The 2015 Mountain West Conference men's basketball tournament was a tournament played March 11–14 at the Thomas & Mack Center in Las Vegas, Nevada.

==Seeds==
Teams were seeded by conference record, with a ties broken by record between the tied teams followed by record against the regular-season champion, if necessary. The top six seeds received first round byes.
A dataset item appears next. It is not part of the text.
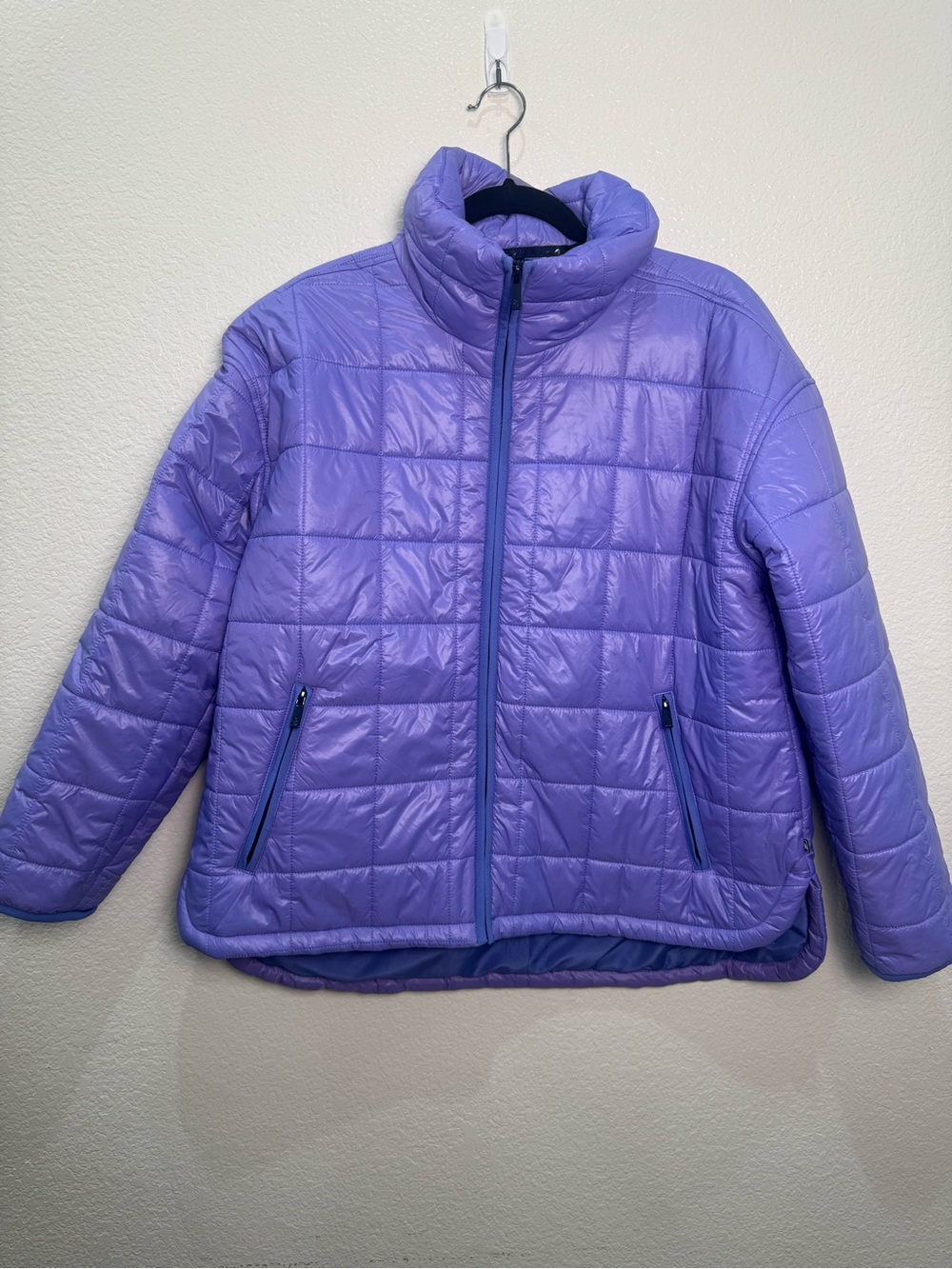 Lou & Grey Womens Medium Lavender Purple Quilted Puffer Jacket Lightweight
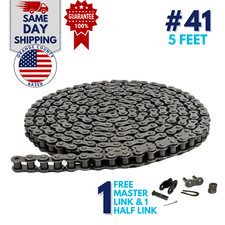 #41 Catena a rulli 5 piedi con 1 collegamento + 1 collegamento offset per go-kart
| Seed | School | Conference | Overall | Tiebreaker |
|---|---|---|---|---|
| 1 | Boise State | 14–4 | 24–7 | 2–0 vs. San Diego State |
| 2 | San Diego State | 14–4 | 24–7 | 0–2 vs. Boise State |
| 3 | Colorado State | 13–5 | 25–5 |  |
| 4 | Wyoming | 11–7 | 22–9 | 1–0 vs. Boise State |
| 5 | Utah State | 11–7 | 18–12 | 1–1 vs. Boise State |
| 6 | Fresno State | 10–8 | 15–16 |  |
| 7 | UNLV | 8–10 | 17–14 |  |
| 8 | New Mexico | 7–11 | 15–15 |  |
| 9 | Air Force | 6–12 | 13–16 |  |
| 10 | Nevada | 5–13 | 9–21 |  |
| N/A | San Jose State | 0–18 | 2–28 | Ineligible for post-season |

==Schedule==

| Game | Time* | Matchup^{#} | Television | TV announcers | MW Radio announcers |
First round – Wednesday, March 11
| 1 | Noon | #8 New Mexico vs. #9 Air Force | MWN | Rich Cellini & Marty Fletcher | Brett Grant & Van Coleman |
| 2 | 2:30 pm | #7 UNLV vs. #10 Nevada | MWN | Rich Cellini & Marty Fletcher | Brett Grant & Van Coleman |
Quarterfinals – Thursday, March 12
| 3 | Noon | #1 Boise State vs. #9 Air Force | CBSSN | Dave Ryan, Bob Wenzel & Evan Washburn | Chad Andrus & Robert Smith |
| 4 | 2:30 pm | #4 Wyoming vs. #5 Utah State | CBSSN | Dave Ryan, Bob Wenzel & Evan Washburn | Nate Kreckman & Robert Smith |
| 5 | 6:00 pm | #2 San Diego State vs. #7 UNLV | CBSSN | Andrew Catalon, Steve Lappas & Evan Washburn | Chad Andrus & Marty Fletcher |
| 6 | 8:30 pm | #3 Colorado State vs. #6 Fresno State | CBSSN | Andrew Catalon, Steve Lappas & Evan Washburn | Nate Kreckman & Marty Fletcher |
Semifinals – Friday, March 13
| 7 | 6:00 pm | #1 Boise State vs. #4 Wyoming | CBSSN | Andrew Catalon, Steve Lappas & Evan Washburn | Nate Kreckman & Marty Fletcher |
| 8 | 8:30 pm | #2 San Diego State vs. #3 Colorado State | CBSSN | Andrew Catalon, Steve Lappas & Evan Washburn | Chad Andrus & Marty Fletcher |
Championship – Saturday, March 14
| 10 | 3:00 pm | #4 Wyoming vs. #2 San Diego State | CBS | Kevin Harlan, Dan Bonner, Reggie Miller & Evan Washburn | Nate Kreckman & Marty Fletcher |
*Game times in PT. #-Rankings denote tournament seeding.